Tuesday, January 09, 2007

Meditating In A Cold Church

So I have problems with anxiety/insomnia and meditation really helps. For a while last year I was going to the weekly dharma classes at the NY Insight Meditation Center, but for some reason I got out of the habit and stopped going. Insight meditation, or vipassana is simple: you just observe your own breath. It's actually a form of theravada buddhism which is nontheistic and tells its practitioners not to rely on blind faith but their own experience. In other words: don't just believe that meditation is going to help you, try it and see if it makes a difference in your life. Which it did and does. The nontheism appeals to me as well. It's not that I don't believe in a god it's that I don't think there's anyway any of us can actually know if there's a god or not... An adamant agnostic, if you will. More pressing matters than whether there's a god or not, as far as I'm concerned, are how to lead a moral life filled with compassion and some level of inner peace.

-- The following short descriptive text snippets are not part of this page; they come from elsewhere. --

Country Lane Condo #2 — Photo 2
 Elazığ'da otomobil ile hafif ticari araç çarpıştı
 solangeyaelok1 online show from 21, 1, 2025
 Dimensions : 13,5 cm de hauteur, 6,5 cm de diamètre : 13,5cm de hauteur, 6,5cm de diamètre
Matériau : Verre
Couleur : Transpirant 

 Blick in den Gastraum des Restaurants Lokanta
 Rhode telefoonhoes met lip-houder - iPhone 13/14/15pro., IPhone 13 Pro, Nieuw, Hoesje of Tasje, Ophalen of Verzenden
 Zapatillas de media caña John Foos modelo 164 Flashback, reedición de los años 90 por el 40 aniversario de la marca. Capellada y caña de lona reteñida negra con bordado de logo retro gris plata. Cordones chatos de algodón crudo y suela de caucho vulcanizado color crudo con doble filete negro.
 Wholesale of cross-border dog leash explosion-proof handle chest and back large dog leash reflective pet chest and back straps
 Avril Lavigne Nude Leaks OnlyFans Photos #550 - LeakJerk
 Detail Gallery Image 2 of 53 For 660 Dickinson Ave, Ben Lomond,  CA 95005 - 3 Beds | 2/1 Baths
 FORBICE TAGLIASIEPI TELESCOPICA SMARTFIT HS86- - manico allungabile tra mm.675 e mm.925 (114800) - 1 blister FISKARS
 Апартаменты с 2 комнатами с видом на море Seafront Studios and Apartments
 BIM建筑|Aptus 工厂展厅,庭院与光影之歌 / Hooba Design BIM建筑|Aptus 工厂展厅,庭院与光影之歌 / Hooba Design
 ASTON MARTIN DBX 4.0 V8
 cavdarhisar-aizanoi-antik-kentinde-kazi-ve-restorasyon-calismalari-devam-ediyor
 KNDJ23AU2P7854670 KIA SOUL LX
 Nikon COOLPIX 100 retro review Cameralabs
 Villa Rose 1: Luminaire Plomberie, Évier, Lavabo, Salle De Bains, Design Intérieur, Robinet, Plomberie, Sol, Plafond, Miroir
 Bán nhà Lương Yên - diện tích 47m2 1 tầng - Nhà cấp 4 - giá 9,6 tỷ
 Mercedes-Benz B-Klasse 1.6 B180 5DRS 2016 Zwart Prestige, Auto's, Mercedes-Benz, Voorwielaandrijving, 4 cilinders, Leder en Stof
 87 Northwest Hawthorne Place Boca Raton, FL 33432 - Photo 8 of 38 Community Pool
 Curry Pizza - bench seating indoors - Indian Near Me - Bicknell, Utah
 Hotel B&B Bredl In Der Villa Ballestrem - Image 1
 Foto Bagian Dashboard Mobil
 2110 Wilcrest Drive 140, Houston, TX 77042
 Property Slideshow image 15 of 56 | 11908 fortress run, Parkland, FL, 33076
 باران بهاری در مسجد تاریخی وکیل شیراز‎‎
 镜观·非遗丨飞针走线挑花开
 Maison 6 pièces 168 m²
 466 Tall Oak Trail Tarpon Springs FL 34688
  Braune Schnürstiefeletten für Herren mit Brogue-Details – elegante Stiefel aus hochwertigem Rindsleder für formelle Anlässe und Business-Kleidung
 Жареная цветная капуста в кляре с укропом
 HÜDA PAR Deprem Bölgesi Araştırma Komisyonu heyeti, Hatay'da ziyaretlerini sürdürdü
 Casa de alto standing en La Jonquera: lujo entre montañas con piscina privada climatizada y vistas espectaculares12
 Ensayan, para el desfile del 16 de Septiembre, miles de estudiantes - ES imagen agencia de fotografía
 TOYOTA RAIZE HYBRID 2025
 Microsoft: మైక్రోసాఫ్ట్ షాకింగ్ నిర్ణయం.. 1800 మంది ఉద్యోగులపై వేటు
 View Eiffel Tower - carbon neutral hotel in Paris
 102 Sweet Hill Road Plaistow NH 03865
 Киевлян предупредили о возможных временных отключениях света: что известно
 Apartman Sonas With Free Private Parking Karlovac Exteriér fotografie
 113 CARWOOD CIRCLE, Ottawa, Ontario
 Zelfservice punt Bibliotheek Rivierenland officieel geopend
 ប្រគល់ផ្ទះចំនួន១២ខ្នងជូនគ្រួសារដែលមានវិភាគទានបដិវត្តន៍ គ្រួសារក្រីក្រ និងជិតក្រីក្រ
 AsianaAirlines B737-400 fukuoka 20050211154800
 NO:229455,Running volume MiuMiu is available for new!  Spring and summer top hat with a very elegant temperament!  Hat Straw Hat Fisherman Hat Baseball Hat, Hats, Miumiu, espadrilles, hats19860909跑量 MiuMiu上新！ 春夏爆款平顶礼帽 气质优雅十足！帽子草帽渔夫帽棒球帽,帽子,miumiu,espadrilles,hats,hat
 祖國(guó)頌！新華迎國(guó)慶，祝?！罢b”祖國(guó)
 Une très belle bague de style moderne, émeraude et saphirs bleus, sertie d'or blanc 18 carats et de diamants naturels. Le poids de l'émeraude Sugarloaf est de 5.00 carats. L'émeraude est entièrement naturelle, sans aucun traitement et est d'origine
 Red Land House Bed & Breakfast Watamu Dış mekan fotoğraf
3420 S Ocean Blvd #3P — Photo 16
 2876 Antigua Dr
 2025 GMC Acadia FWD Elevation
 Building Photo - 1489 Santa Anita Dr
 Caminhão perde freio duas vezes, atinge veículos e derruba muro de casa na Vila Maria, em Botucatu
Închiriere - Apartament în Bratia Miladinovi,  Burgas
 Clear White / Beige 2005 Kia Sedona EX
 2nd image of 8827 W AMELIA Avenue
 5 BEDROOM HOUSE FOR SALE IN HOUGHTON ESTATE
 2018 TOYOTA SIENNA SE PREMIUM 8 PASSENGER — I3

But over the weekend I saw a sign for a meditation class right here in Brooklyn Heights at the Unitarian Church led by a group of Kadampa Buddhists and I thought I might as well try. I'd never been to a Mahayana Buddhism group before and was a little curious. (Mahayana, as opposed to Theravada, promotes the idea of salvation through the belief in Buddha as a theistic figure. Not really my thing, but one of my resolutions this year was to keep an open mind about new experiences.) R was out and about visiting friends and I had the night to myself so I took a yoga class, showered, and headed on over.

Big mistake. First of all, the church was FREEZING. (My hair was still a little wet from the shower, which meant the whole time all I could feel was this ring of cold wrapped around my head.) And the talk, led by Kelsang Demo, was one of the more simpistic things I've heard. The topic was "Enjoying Other People" but for the first five minutes all she kept saying over and over again was "We have a lot of reasons why we can't enjoy other people. We say--I can't enjoy him because he's too stupid or I can't enjoy her because she's irritating. We all have a hard time enjoying peole." Etc. Etc. At the end of the 45 minute talk I thought I was going to keel over if I heard the word enjoy one more time. Our homework assignment for the coming week: Enjoy others and think of ourselves as a friend.

It just doesn't seem as--and jeez I can't believe I'm saying this--as insightful as the vipassana folks. I just felt like it was a bunch of psychobabble.